Anyway, I initially wanted to tackle the weight so I decided to cut out sweets/fizzy drinks. I couldn't face the idea of giving up drinking. "Just sweets for now." Lo and behold, when I don't eat sugary things, I crave alcohol much less!

gladistopped · 27/08/2015 19:25

Oh, and not addicted to anything (else) - well maybe gardening ;)

gladistopped · 27/08/2015 19:28

Welcome Mutton

I find if I ate lots of or very processed carbs then I used to crave alcohol as well but when I went on a low carb high fat diet I had much less craving - when I had a carb meal the craving came back - when I had a fat meal I was ok?

Don't know if this helps at all :)

MuttonDressedAsGoose · 27/08/2015 20:26

I've read that fluctuations in blood sugar - dips in blood sugar levels - will induce cravings. Hence my wanting to drink in the mid-to-late afternoons when I am most likely to feel cranky and tired.
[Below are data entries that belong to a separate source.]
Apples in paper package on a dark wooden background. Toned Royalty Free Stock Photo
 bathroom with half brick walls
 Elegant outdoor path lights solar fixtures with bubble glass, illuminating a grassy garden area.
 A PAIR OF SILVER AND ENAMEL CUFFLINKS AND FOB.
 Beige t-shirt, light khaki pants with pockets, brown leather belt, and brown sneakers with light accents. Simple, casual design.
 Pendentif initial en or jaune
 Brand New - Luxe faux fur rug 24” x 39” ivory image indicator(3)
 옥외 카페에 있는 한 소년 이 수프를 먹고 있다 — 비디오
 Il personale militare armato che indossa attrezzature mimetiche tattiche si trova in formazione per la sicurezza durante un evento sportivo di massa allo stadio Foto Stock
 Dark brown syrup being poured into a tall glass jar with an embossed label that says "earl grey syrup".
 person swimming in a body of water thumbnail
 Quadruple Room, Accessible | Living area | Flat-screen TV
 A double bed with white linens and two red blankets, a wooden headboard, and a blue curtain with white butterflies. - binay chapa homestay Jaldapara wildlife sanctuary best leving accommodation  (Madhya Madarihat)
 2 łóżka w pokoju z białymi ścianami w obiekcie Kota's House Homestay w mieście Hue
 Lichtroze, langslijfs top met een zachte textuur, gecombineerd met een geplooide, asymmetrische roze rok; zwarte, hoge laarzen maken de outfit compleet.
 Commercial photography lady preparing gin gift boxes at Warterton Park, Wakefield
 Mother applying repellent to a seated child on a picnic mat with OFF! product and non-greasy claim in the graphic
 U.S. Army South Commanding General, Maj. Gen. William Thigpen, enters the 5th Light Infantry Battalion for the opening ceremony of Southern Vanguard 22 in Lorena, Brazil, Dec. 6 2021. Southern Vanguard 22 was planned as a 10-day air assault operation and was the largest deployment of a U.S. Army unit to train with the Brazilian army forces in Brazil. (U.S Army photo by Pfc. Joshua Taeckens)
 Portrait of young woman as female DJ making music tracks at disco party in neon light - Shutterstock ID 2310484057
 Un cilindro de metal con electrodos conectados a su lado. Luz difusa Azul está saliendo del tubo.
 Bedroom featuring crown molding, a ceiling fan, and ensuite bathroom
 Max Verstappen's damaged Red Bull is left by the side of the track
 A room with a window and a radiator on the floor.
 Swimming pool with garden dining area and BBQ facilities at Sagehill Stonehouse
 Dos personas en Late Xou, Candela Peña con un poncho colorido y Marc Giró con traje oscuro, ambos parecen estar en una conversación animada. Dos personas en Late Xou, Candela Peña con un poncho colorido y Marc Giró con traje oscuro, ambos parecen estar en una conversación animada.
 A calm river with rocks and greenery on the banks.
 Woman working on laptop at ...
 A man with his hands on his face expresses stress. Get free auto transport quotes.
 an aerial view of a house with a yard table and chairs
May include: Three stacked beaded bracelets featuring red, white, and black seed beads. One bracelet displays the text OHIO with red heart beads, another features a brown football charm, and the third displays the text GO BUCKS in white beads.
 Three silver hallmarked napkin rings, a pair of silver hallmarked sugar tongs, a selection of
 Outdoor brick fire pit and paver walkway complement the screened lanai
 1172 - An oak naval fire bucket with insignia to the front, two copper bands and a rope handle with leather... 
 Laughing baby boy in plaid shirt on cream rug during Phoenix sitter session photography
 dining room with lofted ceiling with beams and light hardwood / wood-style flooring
I'm just doing little bits at a time. Avoiding a fizzy drink one meal at a time, not having cake in the afternoon. And while I'm not really craving alcohol I still will drink if I go out socially.

But last night I went to a gig and only drank because I felt like I should. I needed to break a £20 for change... then someone gave me a beer. Finally, I ordered a third pint but just didn't want it so I stopped drinking it and left half of it. I was afraid that I might drink too much but I didn't. Maybe not having sugary stuff during the day helped with that. I don't know.

But in the future I think I would rather just not feel buying a drink out of habit.